By Daniel Lanyon on Friday 30 November 2018

Editor's PickAlternative Lending

The alternative credit focused investment trust has not hit its target dividend for several years.

The £727m P2P Global Investments fund could be due a re-rating following its first on-target dividend since 2015, according to analysts at investment bank Liberum, who say its Q4 payout could return to 15p.

P2P GI, which has paid out a below target c.12p per quarter for nearly three years, was one of the first investment trust launches to offer investors exposure to disintermediated lending when it listed back in 2014, first mainly in the p2p space more recently in various areas of alternative credit. Returns, including dividends, have not met targets for approximately three years and the portfolio has seen a consistent double digit discount to its net asset value over this period. Today the discount sits at 17.4 per cent.

For more than two years the fund has been transitioning capital into more niche areas of od alternative credit that offer more downside protection and often some form of lending security.

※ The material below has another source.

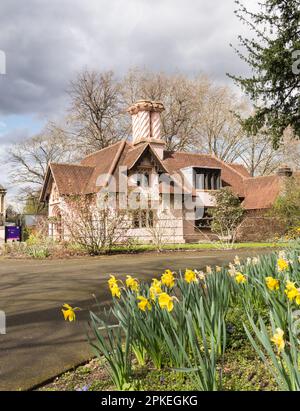 Die Gothic Lodge am Eingang zum Fulham Palace - das historische Haus und die Gärten des Bishop of London auf der Bishop's Avenue, Fulham, London, SW6, UK Stockfoto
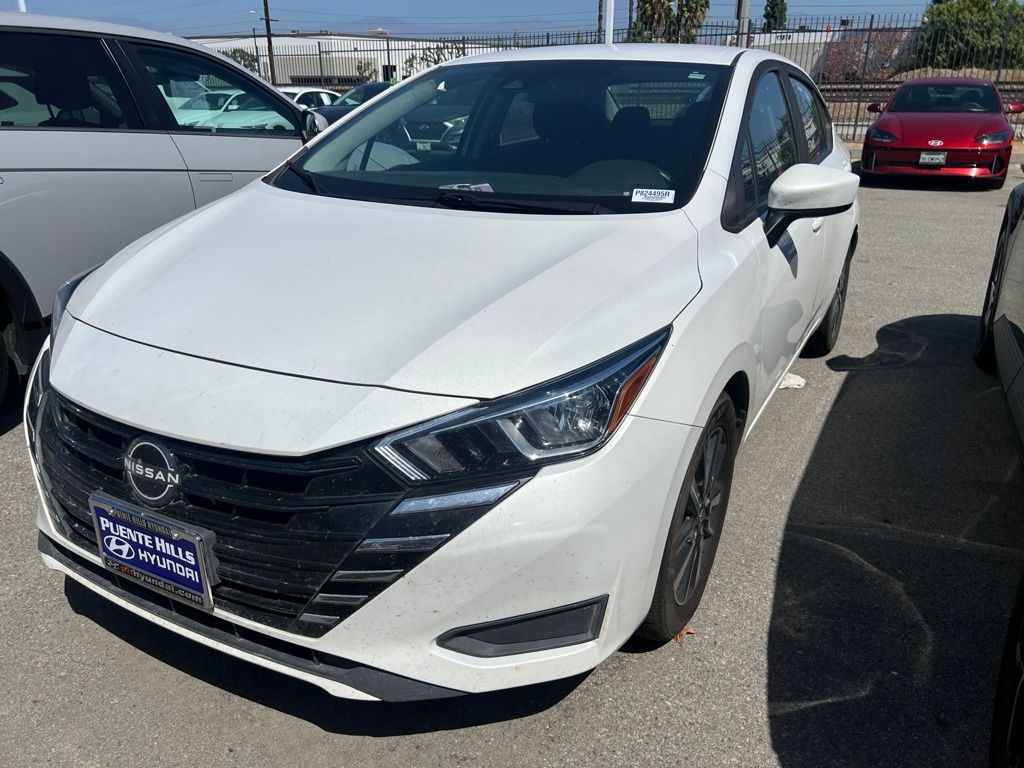 Aspen White Tricoat 2023 Nissan Versa Sedan Front-Wheel Drive Continuously Variable Transmission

The run-off portfolio has reduced to 23 per cent of the total portfolio (25 per cent at September 2018), Liberum says, and the net return on the ongoing assets suggests it is hitting expectations to meet the target dividend.

Unsecured consumer lending is more of a feature of the old portfolio while the newer portfolio is more focused towards SME loans and secured property lending.

Liberum says because P2PGI's underlying income returns have been improved steadily in 2018, it estimates the fund will be able to pay out a 15p dividend for the fourth quarter of 2018

“Returns should continue to improve as the legacy portfolio winds down resulting in an increased dividend.”

“We believe this will help to drive a re-rating from the current -17.4 per cent discount (15p target quarterly dividend implies 7.6per cent dividend yield). Partners of the investment manager have recently acquired in excess of £1.5m of shares in the company, demonstrating confidence in the outlook for the portfolio performance.”